Но в кельтских странах, как это справедливо отмечает А. Крапп194, «это мировоззрение существует наряду с другим, прямо противоположным, в соответствии с которым загробный мир является миром под волнами, Tir-fo-Thuinn, который, как считали древние ирландцы, находится в пучине моря или озера». Это верование, в соответствии с которым глубины некоторых озер служили связующим звеном между земной поверхностью и волшебным миром, дало литературный мотив многим эпизодам старого ирландского эпоса. В довольно необычном рассказе Лейнстерской книги Лоэгере Либан видит, как из «Озера птиц» появляется некий персонаж, Фиахна [Fiachna], пришедший из страны богов просить помощи. «Когда неизвестный воин закончил свою песнь, он удалился, вернувшись в озеро, из которого он только что вышел. Лоэгере Либан, сын короля Коннахта крикнул молодым людям, которые его окружали: «Позор вам, если вы не придете на помощь этому человеку!» Пятьдесят воинов, повинуясь этому призыву, выстроились за Лоэгере. Лоэгере бросился в озеро и пятьдесят воинов последовали за ним. Пройдя некоторое время, они догнали чужака, который приходил за ними»195… Кухулин, находясь в карауле в замке Куроя196, победив по очереди трех Лопастей-из-БолотаХолодной-Луны, трех Пастухов из Брега и трех сыновей Музыки-сбольшим-Кулаком, вдруг «замечает чудовище, поднявшееся из озера, как ему показалось, на высоту более тридцати локтей над водой»… Естественно, голова этого «чудовища из озера» вскоре была отсечена!
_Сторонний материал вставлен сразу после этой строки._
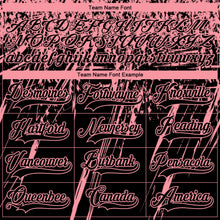 Laden Sie das Bild in den Galerie-Viewer, Custom Black Medium Pink-White 3D Splash Hockey Lace Neck Jersey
Не вызывает никаких сомнений, что рассматриваемый здесь элемент декорации, а именно Холм + Озеро, заимствован, так же как «высокая и твердая скала» из мифологической и эпической «сценологии» кельтов, а точнее из «Героической Смерти», в которой романист почерпнул схему для своего апофеоза197. Эта «Смерть», какой она была? Такой, как ныне утерянная «Смерть Конхобара»? Как «Смерть Кухулина»?